Basically, I want to run some npm scripts for nested projects in the build script. They are awfully slow (maybe skill issue?) so I want to multithread in the most simple and straight forward way. Here's what I currently have:
fn main() {
let current_dir = env::current_dir().unwrap();
let widget_api_dir = current_dir.join("widget-api");
let widget_api_handle = std::thread::spawn(move || npm_run_build(widget_api_dir));
let widgets_dir = current_dir.join("widgets");
std::fs::read_dir(widgets_dir)
.unwrap()
.flatten()
.filter(|entry| entry.metadata().unwrap().is_dir())
.map(|dir| {
let path = dir.path();
println!("cargo:rerun-if-changed={}/src", path.display());
println!("cargo:rerun-if-changed={}/package.json", path.display());
std::thread::spawn(move || npm_run_build(path))
})
.chain(std::iter::once(widget_api_handle))

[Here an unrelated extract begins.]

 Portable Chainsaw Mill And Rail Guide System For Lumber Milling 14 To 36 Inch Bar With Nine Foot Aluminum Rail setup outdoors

.for_each(|h| h.join().expect("failed joining build command"));
println!("cargo:rerun-if-changed=server/widget-api/src");
println!("cargo:rerun-if-changed=server/widget-api/package.json");
}
fn npm_run_build(path: PathBuf) {
// change dir to path
// npm run build
// change dir back
}
The widget-api build command doesn't seem to run. Note that all these projects output to the same directory, I don't know if that's relevant for any filesystem locking issues. Also, widget-api and widget directory contents don't have a direct dependency relationship, as it may mislead you, so they don't have to execute in order. Otherwise, I'm a bit clueless of why this is not working, but I sense a dumb mistake. Also, taking any suggestions on how to improve this.